EXERCISE DETAILS: Copy all lines in the data that contain the string "White".

EXCERPTED RECORDS:
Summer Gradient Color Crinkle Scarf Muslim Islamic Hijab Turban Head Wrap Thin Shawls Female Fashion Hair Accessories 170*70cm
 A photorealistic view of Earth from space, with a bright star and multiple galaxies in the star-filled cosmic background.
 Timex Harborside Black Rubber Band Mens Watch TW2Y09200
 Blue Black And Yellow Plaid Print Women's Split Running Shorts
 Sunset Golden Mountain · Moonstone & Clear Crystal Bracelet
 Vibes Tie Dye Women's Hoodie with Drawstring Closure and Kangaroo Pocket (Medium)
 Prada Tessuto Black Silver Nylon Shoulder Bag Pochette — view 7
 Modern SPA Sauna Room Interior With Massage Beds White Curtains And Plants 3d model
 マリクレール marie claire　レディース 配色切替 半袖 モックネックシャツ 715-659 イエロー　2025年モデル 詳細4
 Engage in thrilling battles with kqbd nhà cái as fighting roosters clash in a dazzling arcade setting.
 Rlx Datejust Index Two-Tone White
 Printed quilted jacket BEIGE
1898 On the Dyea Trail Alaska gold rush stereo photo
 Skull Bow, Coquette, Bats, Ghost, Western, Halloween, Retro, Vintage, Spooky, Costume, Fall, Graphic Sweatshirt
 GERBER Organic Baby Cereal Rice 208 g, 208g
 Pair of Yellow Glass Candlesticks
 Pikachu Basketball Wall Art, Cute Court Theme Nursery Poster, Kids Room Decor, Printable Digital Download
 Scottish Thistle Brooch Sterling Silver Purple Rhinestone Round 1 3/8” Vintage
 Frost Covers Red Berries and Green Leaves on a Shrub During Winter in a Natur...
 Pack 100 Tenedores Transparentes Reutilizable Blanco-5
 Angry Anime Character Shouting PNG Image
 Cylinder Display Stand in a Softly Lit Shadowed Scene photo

ANSWER TO THIS PROBLEM:
 Modern SPA Sauna Room Interior With Massage Beds White Curtains And Plants 3d model
 Rlx Datejust Index Two-Tone White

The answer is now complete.